BERTUAHPOS.COM – Konflik lahan antara petani kelapa sawit di Desa Sungai Raya dan Sekip Hilir, Kecamatan Rengat, Indragiri Hulu (Inhu), dengan PT Alam Sari Lestari (ASL) semakin memanas.
Para petani dituding menguasai lahan milik perusahaan, yang berujung pada dugaan kriminalisasi oleh penyidik Polda Riau.
Polemik ini mencuat setelah Unit 1 Subdit III Ditreskrimum Polda Riau memanggil seorang petani untuk dimintai keterangan sebagai saksi pada penyelidikan dugaan tindak pidana penggelapan hak atas tanah dan pemalsuan dokumen terkait Hak Guna Usaha (HGU) PT ASL di Desa Talang Jerinjing, Kecamatan Rengat Barat, pada 3 Oktober 2024.
Nasri Nasution, S.H., kuasa hukum kelompok petani Sungai Raya, mengecam tindakan penyidik Polda Riau yang dinilai tidak profesional dan menyebabkan keresahan di kalangan masyarakat Inhu. Ia menegaskan bahwa kliennya tidak pernah melakukan penggelapan atau pemalsuan surat atas lahan HGU PT ASL. Menurutnya, lahan tersebut sudah dikuasai petani selama belasan tahun, namun kini tiba-tiba diklaim sebagai bagian dari wilayah perusahaan.

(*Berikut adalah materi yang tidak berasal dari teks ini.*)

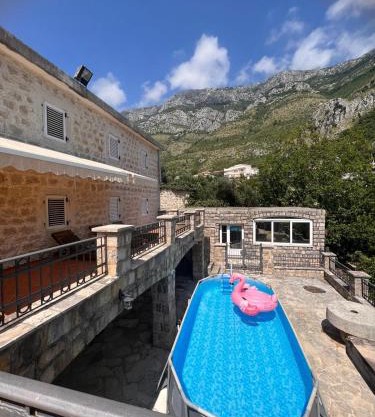 Vila Reževići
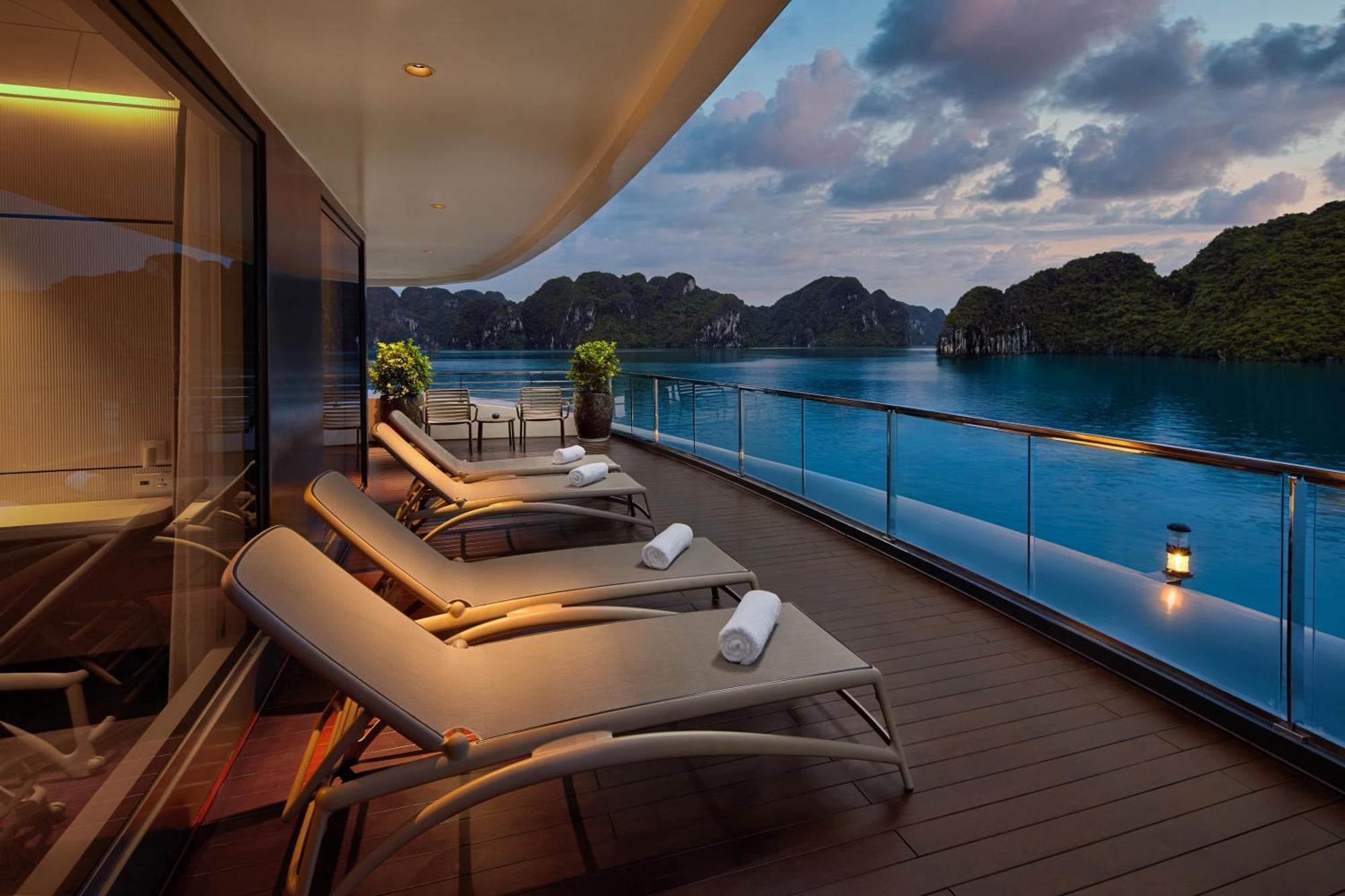 Grand Pioneers Halong Bay Cruise 1 Hotel Ха Лонг Екстериор снимка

“Petani kami hanya mencari nafkah di lahan yang mereka kelola, dan mereka tidak pernah merasa menyerobot atau menggelapkan lahan milik PT ASL,” tegas Nasri kepada wartawan, Senin (14/10).
Nasri menjelaskan bahwa berdasarkan dokumen yang dimiliki petani, lahan tersebut dulunya merupakan bagian dari kerja sama dengan PT Bertuah Aneka Yasa (BAY). Namun, kerja sama tersebut tidak jelas sehingga lahan menjadi terlantar, dan bukan PT ASL yang menerima lahan tersebut.
Keabsahan klaim petani ini diperkuat oleh keputusan Bupati Indragiri Hulu Nomor 471 Tahun 2004 tentang izin usaha perkebunan untuk PT BAY, serta surat keterangan tanah yang dikeluarkan pada tahun 1988 oleh Kepala Desa Sungai Raya, Burhan. Dalam surat tersebut, lahan seluas 2.500 hektar dicatat sebagai milik masyarakat untuk keperluan pertanian dan perkebunan.
Bahkan, jika ditelusuri lebih lanjut, PT Alam Sari Lestari baru hadir di Inhu pada tahun 2007, sementara PT Bertuah Aneka Yasa telah ada sejak 2004. Hal ini, menurut Nasri, menegaskan bahwa klaim lahan oleh PT ASL tidak diakui oleh masyarakat.
Sebelumnya, puluhan petani sempat menggelar aksi unjuk rasa di depan Kantor Badan Pertanahan Nasional (BPN) Inhu dan Kantor Bupati pada 10 Oktober 2024. Mereka menuntut pemerintah untuk menyelesaikan tapal batas wilayah agar kasus ini tidak dimanfaatkan oleh oknum aparat penegak hukum.
Syafrisar Masri Limart, Kepala BPN Inhu, berjanji akan menangani masalah ini secara netral dengan memeriksa kembali HGU PT ASL yang diklaim berada di atas lahan milik masyarakat. “Kami akan panggil pihak korporasi dan verifikasi HGU mereka. Selain itu, kami minta petani menunjukkan legalitas lahan mereka,” jelas Syafrisar.
Sementara itu, Kabag Tata Pemerintahan (Tapem) Setda Inhu, Hariyanto, menekankan pentingnya kesepakatan bersama mengenai penetapan tapal batas antara Kecamatan Rengat dan Kecamatan Rengat Barat untuk menyelesaikan masalah ini.
Di sisi lain, Kombes Pol Asep Darmawan, Direktur Reserse Kriminal Umum Polda Riau, membenarkan bahwa penyidik sedang memproses laporan dugaan pemalsuan dokumen terkait lahan HGU PT ASL. Ia menyebut bahwa lahan yang dikelola oleh masyarakat memang masuk dalam wilayah HGU perusahaan.
“Kasus ini masih dalam proses penyidikan. Legalitas lahan pelapor adalah HGU, sementara masyarakat belum memberikan dokumen legalitas lahan mereka kepada penyidik,” kata Asep.
Menanggapi tuduhan bahwa Polda Riau bekerja tidak profesional, Kabid Humas Polda Riau, Kombes Pol Anom Karbianto, membantahnya. “Polri tetap bekerja secara profesional. Kami masih memeriksa saksi-saksi dan barang bukti untuk mengungkap kasus ini,” pungkas Anom.